*** Opening of THE DATA ***

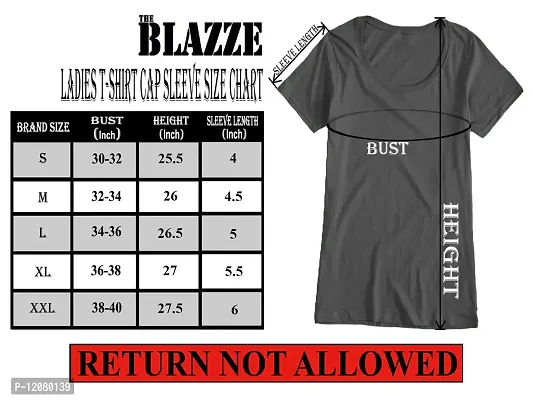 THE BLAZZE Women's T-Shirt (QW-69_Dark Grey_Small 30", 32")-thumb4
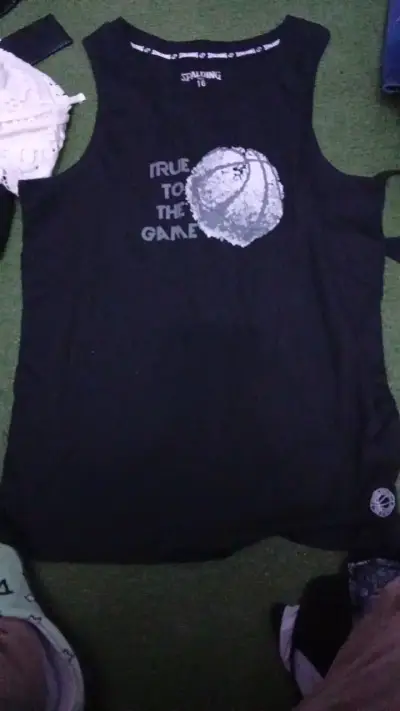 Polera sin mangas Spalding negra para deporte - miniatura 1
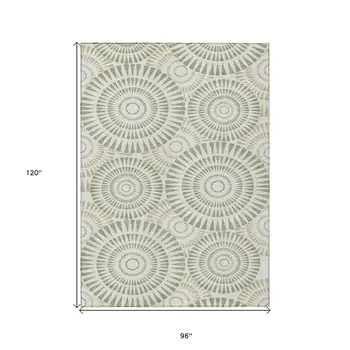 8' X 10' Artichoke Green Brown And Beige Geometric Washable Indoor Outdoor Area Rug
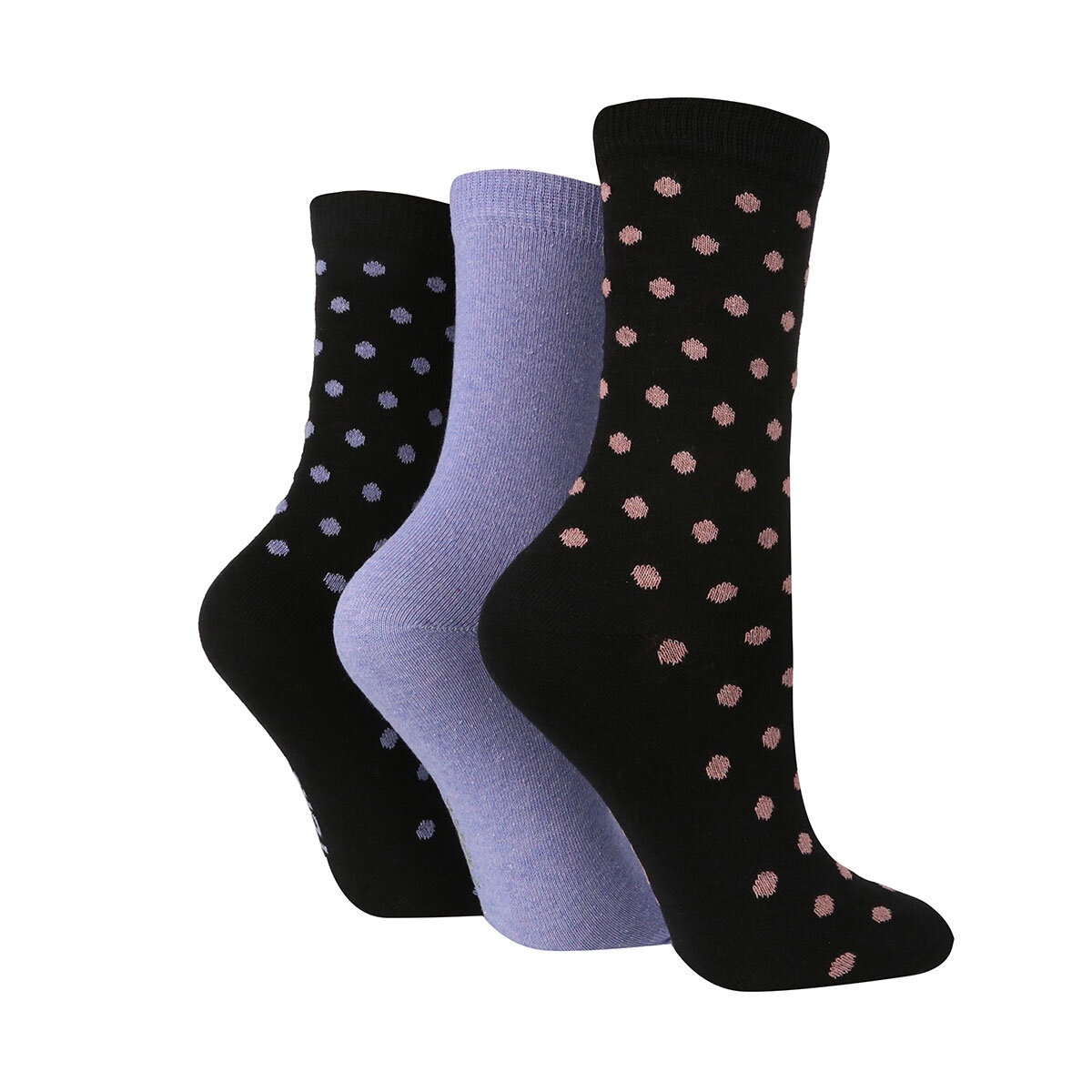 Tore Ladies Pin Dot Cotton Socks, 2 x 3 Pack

*** Close of THE DATA ***

**PROBLEM DETAILS:**
From the line holding "8' X 10' Artichoke" through the last line of the material above, each line should be written out exactly, both included; omit the pictures.

**ANSWER SPACE:**
 8' X 10' Artichoke Green Brown And Beige Geometric Washable Indoor Outdoor Area Rug
 Tore Ladies Pin Dot Cotton Socks, 2 x 3 Pack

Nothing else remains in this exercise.